The loss of nuclear power has shredded Japan's economy, turned it into an importer instead of an exporter and ended any aspirations it had for lowering its carbon emissions.
Fukushima's four reactors are no longer functional but the government has taken more than 40 other reactors offline as well because of public anxieties about nuclear power. The result has been a return to fossil fuels, particularly imported oil. Forecasts for next year are that coal imports will rise 5.3 percent, gas imports 16.1 percent and oil imports an incredible 77 percent. Energy imports will increase 25 percent overall. These imports, coupled with the loss of industrial capacity, have completely reversed Japan's balance of trade. After running a trading surplus of over $100 billion annually for the last decade, Japan ran a negative balance of $32 billion in 2011.

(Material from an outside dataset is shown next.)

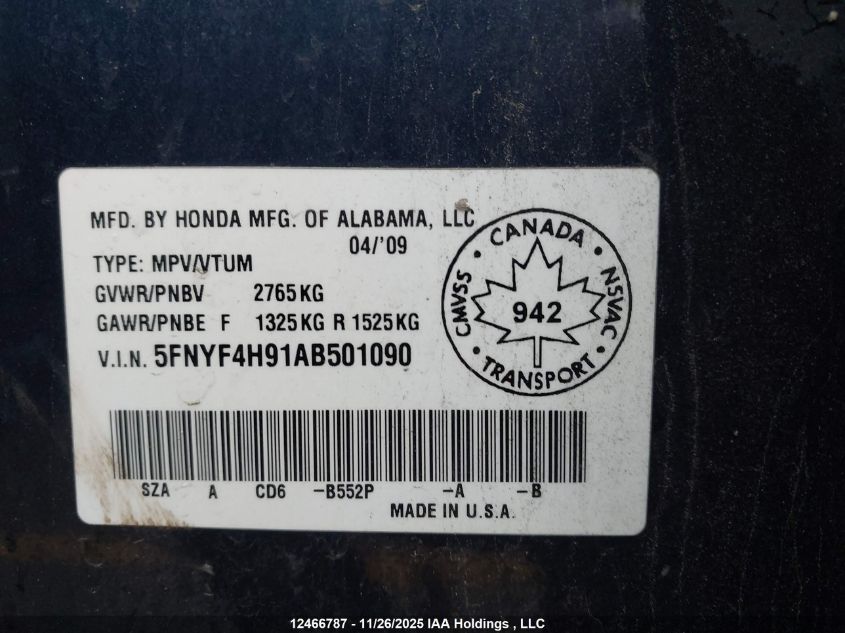 2010 Honda Pilot Touring VIN: 5FNYF4H91AB501090 Lot: 12466787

As industries cut back and the government encouraged conservation measures, total energy consumption fell 9.8 percent from November 2010 to November 2011. Despite this drop in energy consumption, carbon emissions have risen sharply because of the loss of no-carbon nuclear. As the graph shows, energy consumption and carbon emissions have tracked each other very consistently since 2008. After Fukushima, however, they diverge. Carbon emissions have risen 15 percent year-on-year, from 2.01 metric tons CO2 per terawatt of energy in November 2010 to 2.31 in November 2011.
The Breakthrough Institute reports that Japan's leaders have virtually conceded that they have no hope of meeting near-term carbon targets anymore. In addition, they have refused to sign onto any new binding agreements for emissions reductions.